UNITED STATES - Gold has been an extraordinary investment since it bottomed around US$250 an ounce in the autumn of 2001. Since then, it has risen 662 per cent to around US$1,880, fallen back to around US$1,525 and is currently US$1,700.
As opposed to the bearish views around 9/11, the vast majority of advisers now maintain that investors should have a 5-10 per cent holding in gold. With the exception of Goldman Sachs - which recommended profit-taking recently - predictions for next year range from US$1,750 to US$2,100 an ounce with the consensus at US$1,850. In today's money, the 1980 peak of US$850 would be around US$2,300, so bullish advisers say the metal is at fair value.

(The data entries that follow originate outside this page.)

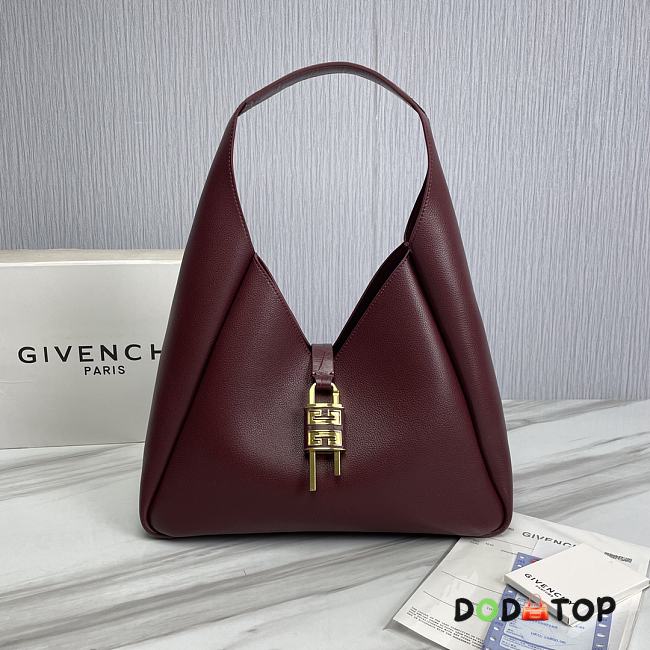 Givenchy G-Hobo Burgundy Medium Leather Shoulder Bag Size 31 x 15 x 43 cm - 1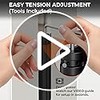 Haidms 3 Pack Self Closing Door Hinges 4 Inch Black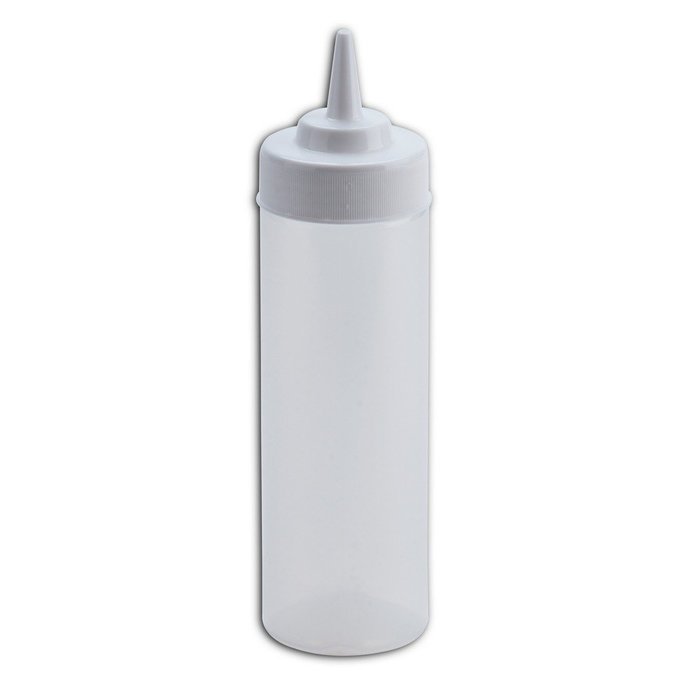 Winco Chocolatier's Wide Mouth Squeeze Bottles for Chocolate, 12-Ounce, 6-Pack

The most popular bullish argument is that the US, Europe and now Japan are intent on quantitative easing - that is, boosting money supply. With interest rates close to zero and government bond yields pitiful, US Federal Reserve Board chairman Ben Bernanke has effectively launched a currency war.
"By printing all this money, Bernanke is debasing the dollar, as the rest of the world is not printing money as fast as the US," says John R Taylor, chief investment officer at FX Concepts, a large foreign exchange fund. "As a result, in the long run, foreign currencies will go up in value, and commodities like gold and oil will rise in dollar terms."
With these bullish factors in play, gold holders are wondering why the price isn't taking off.
A simple reason is that global investors already own a massive quantity of gold via bullion in vaults and exchange-traded products (ETPs) such as GLD. According to the World Gold Council (a research and promotion organisation that promotes the interests of goldmines), investment in gold has been accelerating at a fast pace.